En este contexto, el tratamiento sanjuanista de las pasiones es siempre relativo a la vocación teologal de la persona, y, desde un afán principalmente pedagógico, se vuelve descriptivo, ya sea del deterioro que supone el desorden o desenfreno pasional del hombre, ya sea del lento y costoso camino de recomposición y ordenamiento de ese potencial pasional humano.
Lo que le interesa, en última instancia, es ayudar a la persona a integrar todo su “caudal” humano en una orientación correcta de la existencia. Ahí es donde se hace plenamente convincente la palabra sanjuanista sobre las pasiones, sus posibilidades, sus peligros, sus riesgos, su fuerza disgregadora o integradora con respecto al proceso espiritual.

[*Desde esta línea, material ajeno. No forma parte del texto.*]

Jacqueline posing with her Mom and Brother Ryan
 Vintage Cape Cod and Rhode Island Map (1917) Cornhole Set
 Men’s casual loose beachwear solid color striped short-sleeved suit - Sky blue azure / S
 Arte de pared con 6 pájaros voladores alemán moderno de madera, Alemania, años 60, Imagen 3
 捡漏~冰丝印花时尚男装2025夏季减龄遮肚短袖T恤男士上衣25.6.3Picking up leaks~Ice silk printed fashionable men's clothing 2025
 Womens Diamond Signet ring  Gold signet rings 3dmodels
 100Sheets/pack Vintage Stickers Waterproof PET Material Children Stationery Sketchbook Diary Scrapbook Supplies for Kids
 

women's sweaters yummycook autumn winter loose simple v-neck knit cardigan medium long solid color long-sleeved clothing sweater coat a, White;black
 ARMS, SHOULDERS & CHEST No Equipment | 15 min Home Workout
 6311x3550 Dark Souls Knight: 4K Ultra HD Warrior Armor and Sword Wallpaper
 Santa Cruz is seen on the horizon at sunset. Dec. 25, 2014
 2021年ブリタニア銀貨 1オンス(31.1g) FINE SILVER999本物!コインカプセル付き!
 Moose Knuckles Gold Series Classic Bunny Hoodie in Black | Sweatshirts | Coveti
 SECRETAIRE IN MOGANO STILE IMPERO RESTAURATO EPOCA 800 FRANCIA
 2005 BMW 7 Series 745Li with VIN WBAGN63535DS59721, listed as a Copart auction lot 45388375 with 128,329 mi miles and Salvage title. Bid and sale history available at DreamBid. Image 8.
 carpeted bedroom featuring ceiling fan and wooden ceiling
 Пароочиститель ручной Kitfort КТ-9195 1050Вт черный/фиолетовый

Gozo, esperanza, temor y dolor son capacidades arraigadas en la voluntad y en la potencia concupiscible, que es la de apetecer. Son parte integrante del caudal y fortaleza del alma. Purificadas y puestas en razón, son expresión del amor que inflama la voluntad, la apasiona, impulsándola con radicalidad hacia Dios de tal forma que “no se goce, sino de lo que es puramente honra y gloria de Dios, ni tenga esperanza de otra cosa, ni se duela sino de lo que a esto tocare, ni tema sino sólo a Dios … porque cuanto más se gozare el alma en otra cosa que en Dios, tanto menos fuertemente se empleará su gozo en Dios; y cuanto más esperare otra cosa, tanto menos esperará en Dios; y así de las demás” (S 3,16,2).
BIBL. — MARÍA DEL SAGRARIO ROLLÁN ROLLÁN, Éxtasis y purificación del deseo, Diputación Provincial de Ávila Institución Gran Duque de Alba, Ávila 1991; JOSÉ VICENTE RODRÍGUEZ, “San Juan de la Cruz: su defensa de la razón y de las virtudes humanas”, en AA. VV., Antropología de San Juan de la Cruz, Diputación Provincial de Ávila Institución Gran Duque de Alba, Ávila 1988, pp. 5458; EULOGIO PACHO, “La antropología sanjuanista”, en Estudios Sanjuanistas II, 43-59; VICTORINO CAPÁNAGA, San Juan de la Cruz. Valor psicológico de su doctrina, Madrid 1950, pp.162-169.